Supplied material:
++++++++++++++++++++

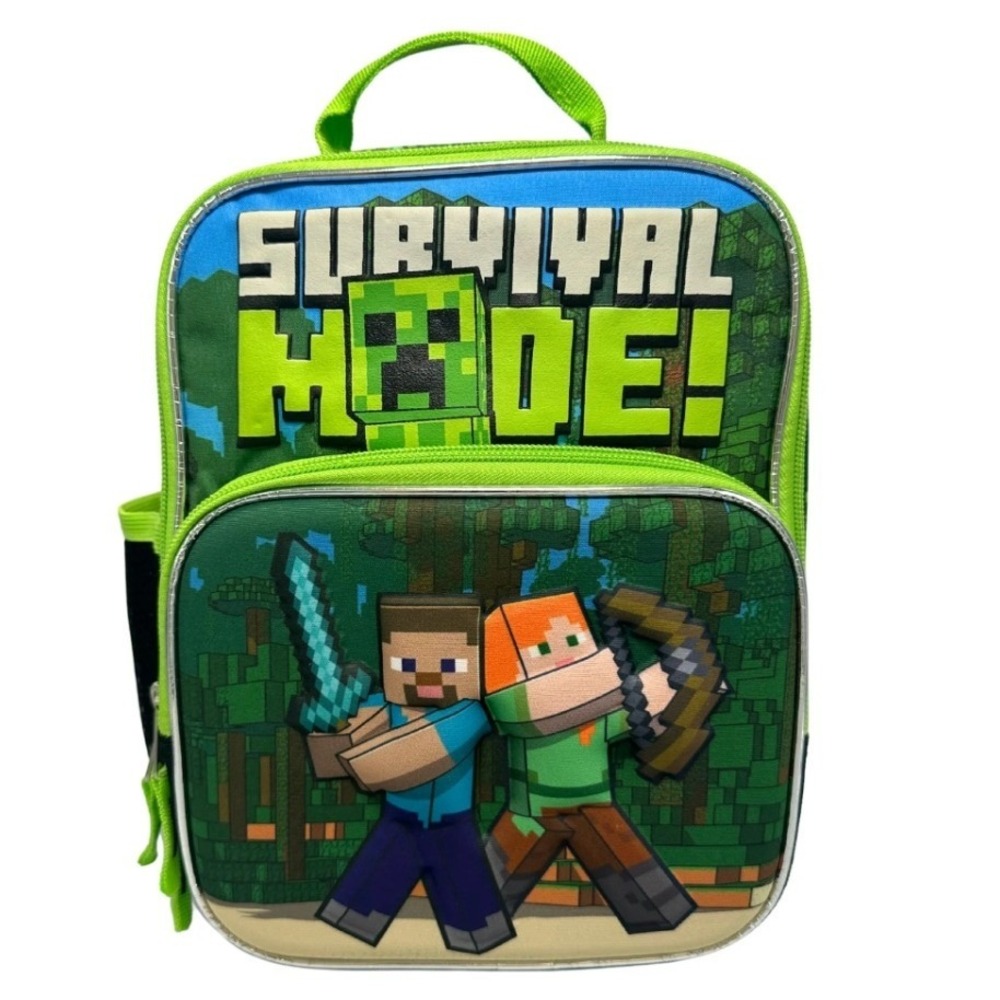 Minecraft Survival Mode Kids Lunch Box Green Creeper Insulated NWT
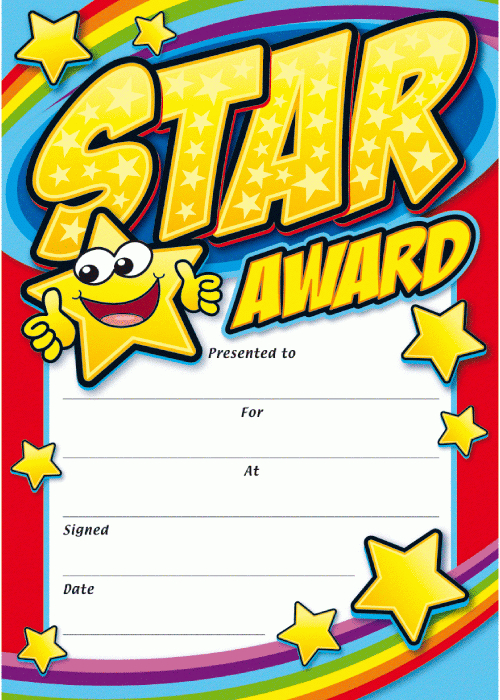 Star Award Certificate Template (1) - Templates Example | Templates in Amazing Star Reader Certificate Template Free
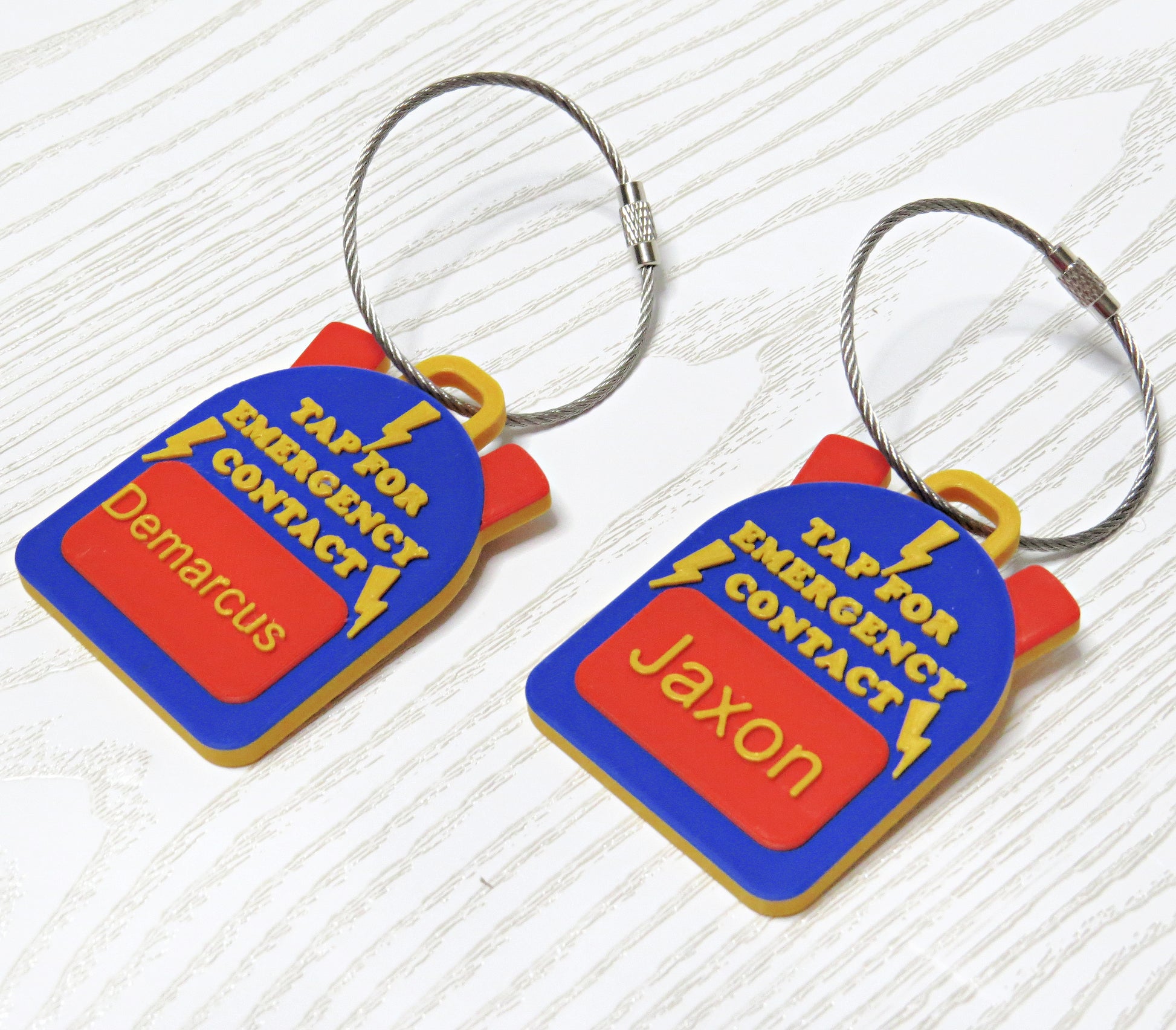 Personalized NFC Emergency Contact Backpack Tag for Kids & School Bags - flat lay showing full bag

++++++++++++++++++++

Quote verbatim the final run of lines in the material above, from the line that contains "Star Award Certificate" through the very last line, excluding any pictures.

 Star Award Certificate Template (1) - Templates Example | Templates in Amazing Star Reader Certificate Template Free
 Personalized NFC Emergency Contact Backpack Tag for Kids & School Bags - flat lay showing full bag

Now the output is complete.